When Grandma Sara opened her impassable warehouse of a studio to her grandchildren, the bulk of us were in our 20s. My sister and cousin Shira, however, were still in grade school. We all got to choose our favorites and talk to Grandma Sara about what inspired them. Sis and Shira got nothing.
But on Sis' trip to Israel in January, one of our uncles changed that. The youngest Saars were each going to get paintings, whether or not the paintings were good (they were) or the girls wanted them (they did).
Grandma Sara lost her family to the Nazis in Holland. In Israel, her ex-husband, my grandfather, died of polio. Two more husbands went after that. You wouldn't know by talking to her that she'd seen dark days. She took great joy in life, mastering seven languages, swimming daily, enjoying the nature of the kibbutz. And, of course, painting.
It was in her art that Grandma Sara expressed her ambivalence toward mankind, her fears and heartache. Even when my father died, it wasn't until I saw the last painting she made of him that I really felt her suffering.
It was 1998, and something in a letter she wrote drew Hubby and me to Israel. I had written her a number of questions, and she replied that she didn't have the strength to write all the answers. She'd tell me in person the next time I visited, "if I am still here."
Though her art often deals with death - wisps of people vanishing into heavy sadness, this was the first time she'd ever expressly written to me about her own mortality. I didn't take it lightly.
We went and met a frail woman I hardly recognized. She looked old. She smelled old. It had been only three years since my father's funeral, but she had aged five times that. She took us to her room in what I realize now was a hospice. Like every Saar home, this room was decorated with a Grandma Sara painting. Just one.
It was a painting of my father, looking youthful and bemused, amid a womblike backdrop of color. The base of the painting was thickly textured, almost thorny, as if she were acknowledging Dad's struggles, while around and above him, glimmering waves seemed to beckon him to something better.
Grandma Sara explained that she took the inspiration from my eulogy. I didn't know what to say.
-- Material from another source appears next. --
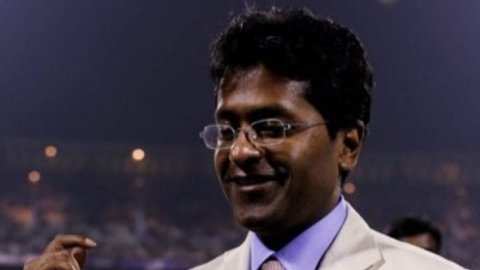 थप्पड़कांड वीडियो विवाद पर ललित मोदी का श्रीसंत की पत्नी को जवाब, बोले- मैंने सच साझा किया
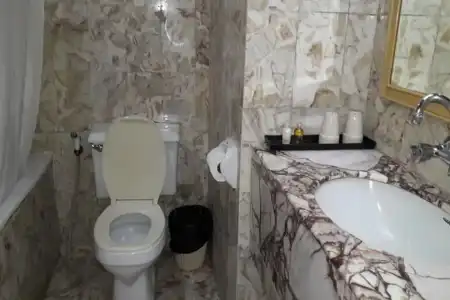 Garden Paradise & Serviced Apartment - 81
After her death the following year, I had hoped my dad's twin sister would send me the painting. She didn't.
Sis didn't want any more paintings. She hadn't yet landed her new job, didn't have a place of her own and wasn't sure what she was going to do with all the canvases she had been given. But my cousin Yuval insisted on wading into his parents' attic and pulling out more for her.
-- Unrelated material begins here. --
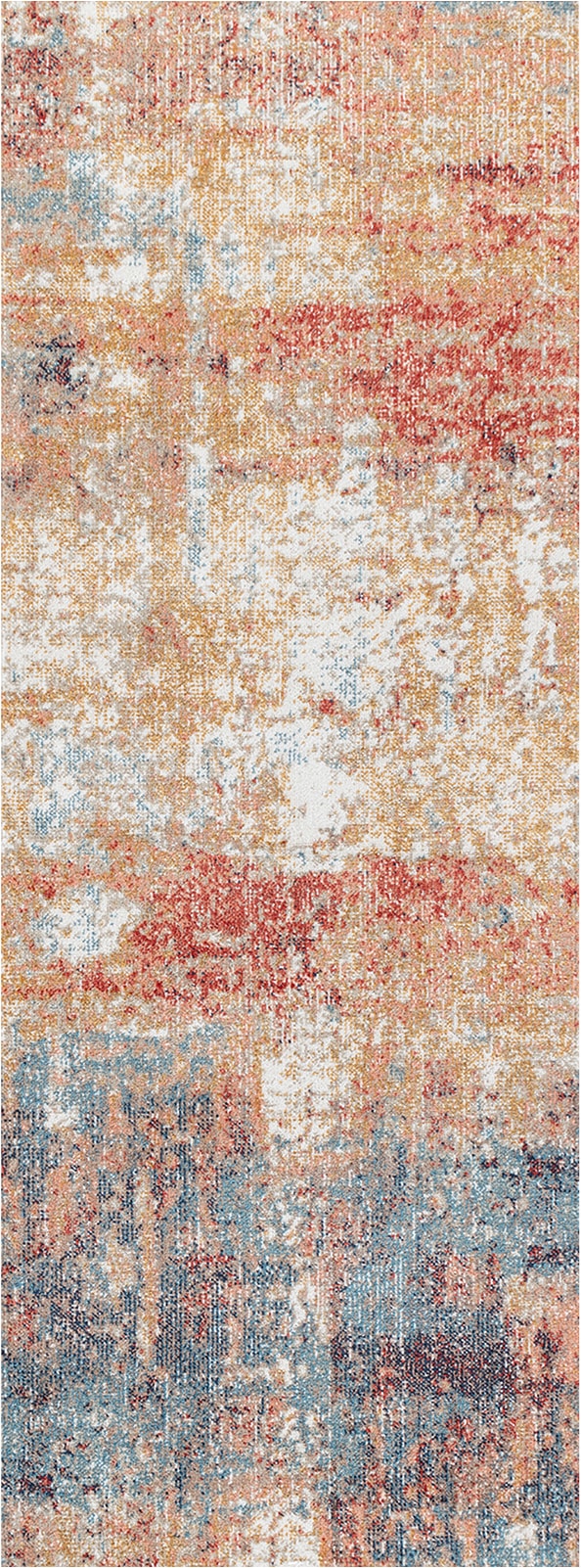 Livabliss Teppich »MIJEK« rechteckig 5,1 mm Höhe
"He said, 'Wait, there's one last painting,'" Sis recounted to me later. "I didn't even want to see it, but then he pulled it out and it was this picture of Dad."
Before she could, I described it.
"Yeah," she said. "That's it. How did you know?"
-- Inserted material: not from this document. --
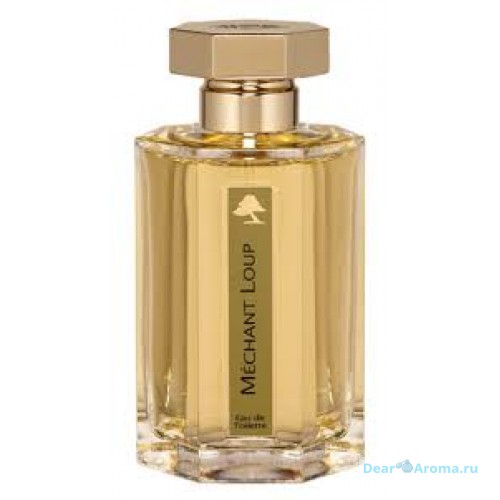 L`Artisan Parfumeur Mechant Loup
It took me a while to get over it, the idea that the painting I wanted all these years was going to be handed over to my sister instead of to me. "Don't be jealous," I told myself. "He was her dad, too."
You know how this ends, don't you? How things come back to you when they're yours?
Before heading for Northern California to start her new job last month, Sis showed up at my place. It was raining. Hard. She came to pick up my old dining-room table. She surprised me with the painting.
"It belongs with you," she said.
I felt like I did the first time I saw it: stunned. Reunited. I didn't know what to say back then. But now I do. It's so simple; I should have said it to my grandmother before I ever thought it could be mine.
I should have said it to my father more, before his image was committed to canvas. I should say it more often to more people.
After all these years of not knowing what to say, I said it. To my grandmother. To my dad. To Sis.